Sable. A very dark one.


----------



## Jax08 (Feb 13, 2009)

Sable. What is she mixed with? Her tail implies a northern breed.


----------



## Kahrg4 (Dec 19, 2012)

Sable. I agree about the tail though.


----------



## AkiraAnubise12 (Oct 3, 2017)

Jax08 said:


> Sable. What is she mixed with? Her tail implies a northern breed.



She is not mixed with anything, her parents and grandparents where pure German Shepherd. I had asked my vet about, and others and they call it a fault in her breeding. (I do know her father was super aggressive, as he was used as guard dog.)


----------



## Fodder (Oct 21, 2007)

I have seen curled / “gay” tails in GSD, in which you’re correct, it’s a fault within the breed. That said... a tail THAT tight and near corkscrewed absolutely suggest a spitz type (many that also have erect ears and come in sable). It could be pretty far back making your dog a very very high content GSD. But imo - it goes beyond “fault territory”.

That’s neither here nor there. She’s a very attractive and well put together dog. I like her! As far as your original question, as stated, she’s sable. Her mother sounds sable as well. I don’t believe dusty is a color in any breed.

Where are you located out of curiosity?


----------



## AkiraAnubise12 (Oct 3, 2017)

Fodder said:


> I have seen curled / “gay” tails in GSD, in which you’re correct, it’s a fault within the breed. That said... a tail THAT tight and near corkscrewed absolutely suggest a spitz type (many that also have erect ears and come in sable). It could be pretty far back making your dog a very very high content GSD. But imo - it goes beyond “fault territory”.
> 
> That’s neither here nor there. She’s a very attractive and well put together dog. I like her! As far as your original question, as stated, she’s sable. Her mother sounds sable as well. I don’t believe dusty is a color in any breed.
> 
> Where are you located out of curiosity?
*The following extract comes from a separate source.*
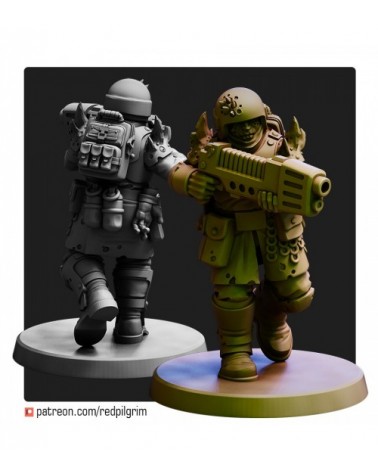 Chaos Oathbreakers Miasmic Cohort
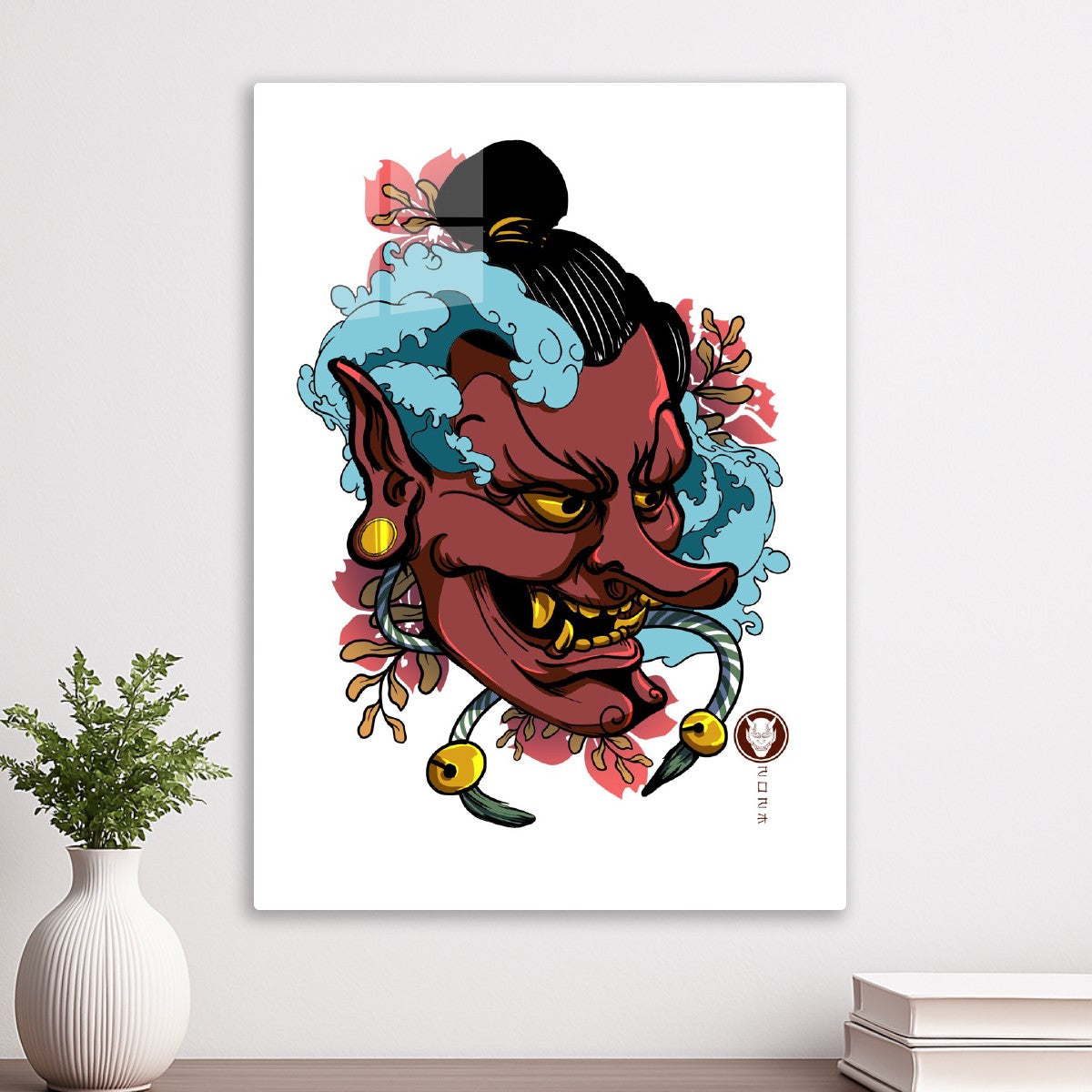 Japanese Aesthetics Tengu Oni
I live in Pass Christian, MS but got her from a breeder in Bay St. Louis, MS, which is mostly Pits. She does carry her tail down most of the time when she is happy, walking or sniffing something. Really her tail didn't start curling till she got 8 to 9 month old. Though I just know her lineage to her great grandparents (what I was told by the breeder), anything beyond that I have no idea, so a Spitz may be that far back.
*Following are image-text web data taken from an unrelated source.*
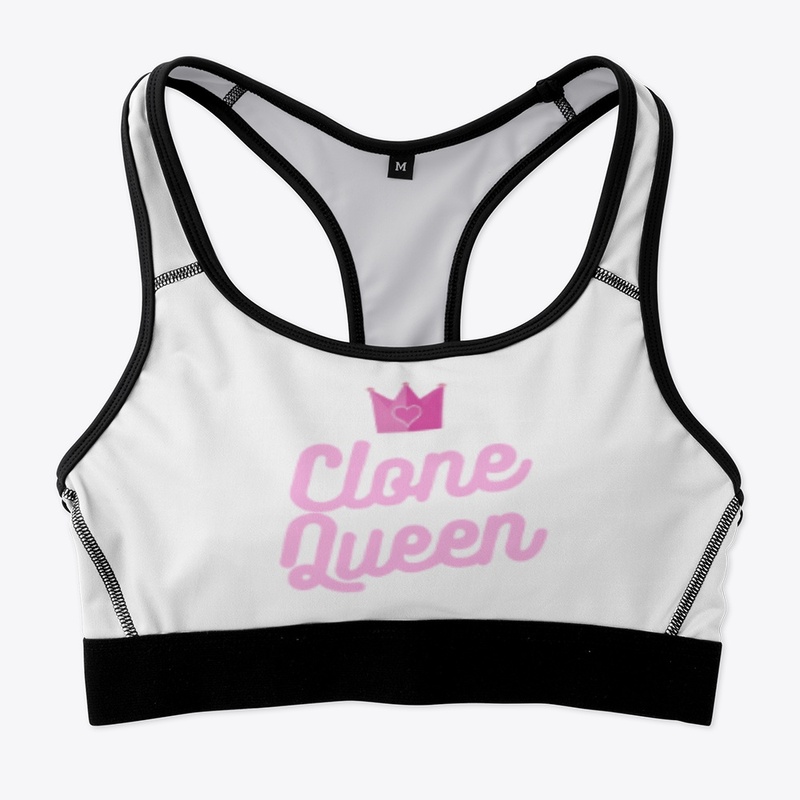 Clone Queen FC Sports Bra 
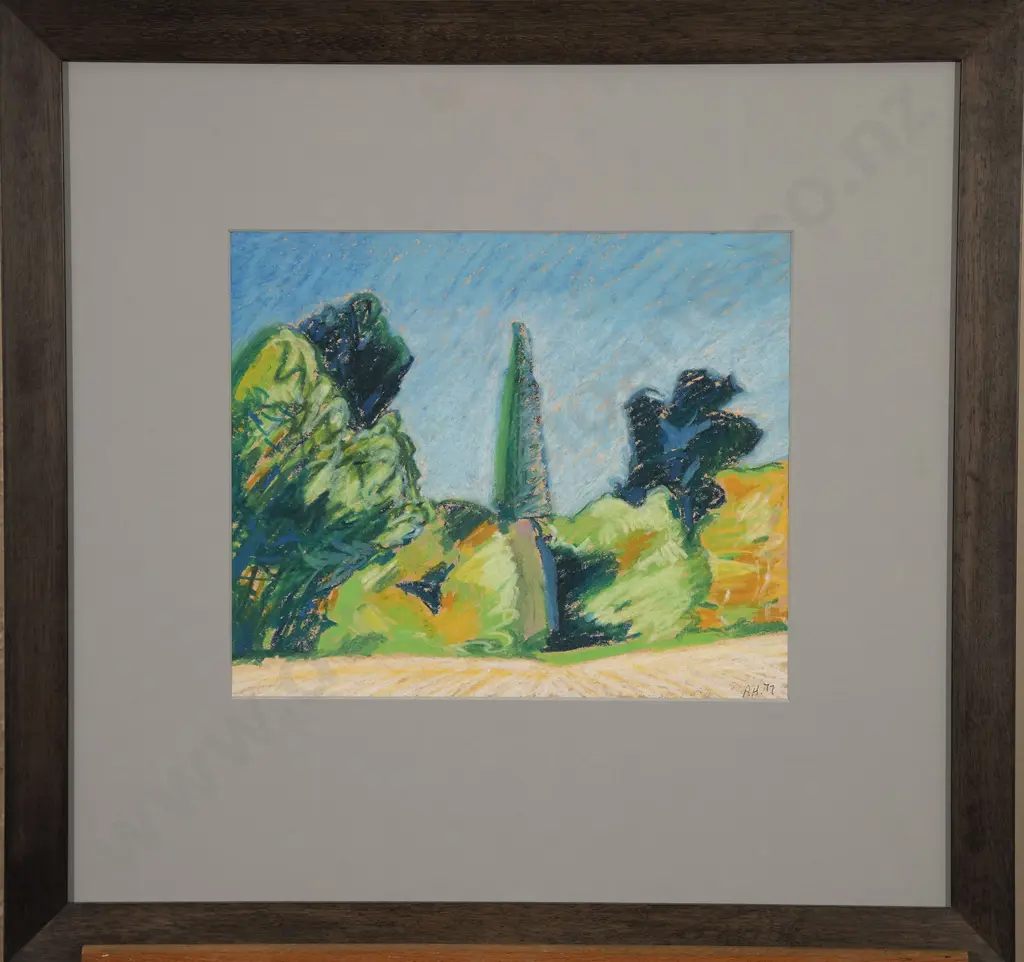 James Patrick (Pat) Hanly (1932-2004) - Garden Image 1++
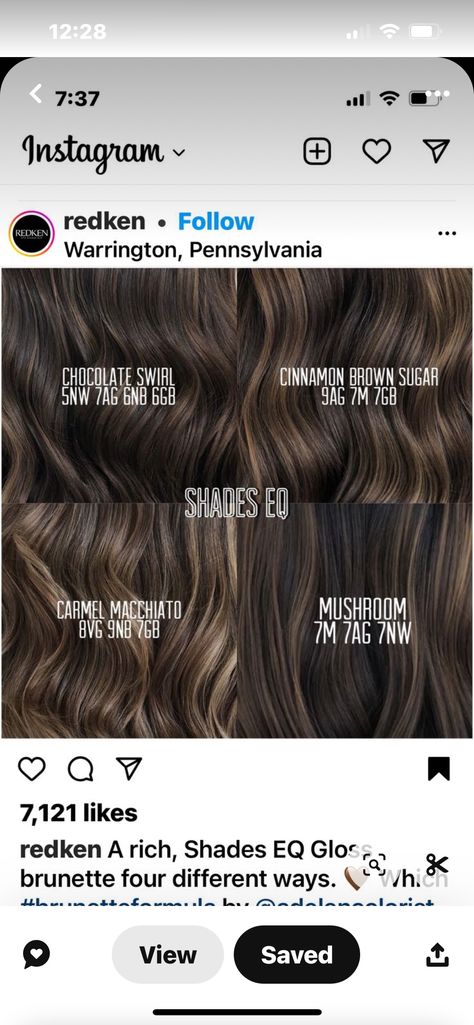 Mushroom Brown Hair Formula, Mushroom Bronde Formula, Mushroom Brown Formula, Mushroom Brown Toner Formula, Toner For Brown Hair, Ash Hair Toner, Carmel Macchiato, Color Formulations, Ashy Hair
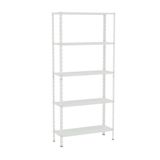 Estante Aço 5 Prateleiras Eaf005 Branca
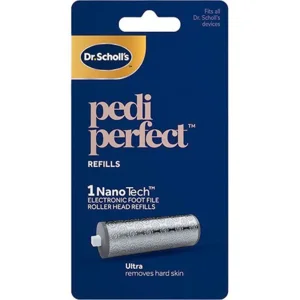 Scholl Pedi Perfect Roller Refills, Ultra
Dusty is just my way of saying any color of grey lol.


----------



## tim_s_adams (Aug 9, 2017)

She's a very beautiful dog!


----------



## middleofnowhere (Dec 20, 2000)

Well, she's most certainly a nice looking dog and a fun looking puppy. 



My youngest often carries her tail so it looks like the handle on a tea pot - but it's not as extreme as your dog's. So far as answering the "what is she mixed with" I'd be tempted to say "supposedly GSD" because you're not going to win with people who are otherwise convinced.


----------



## Mei (Mar 30, 2018)

Wow, she sure is a good lookin dog. Even though its not an official color, I'd say she "dust bunny grey sable" lol. I love the coloring around the eyes!


----------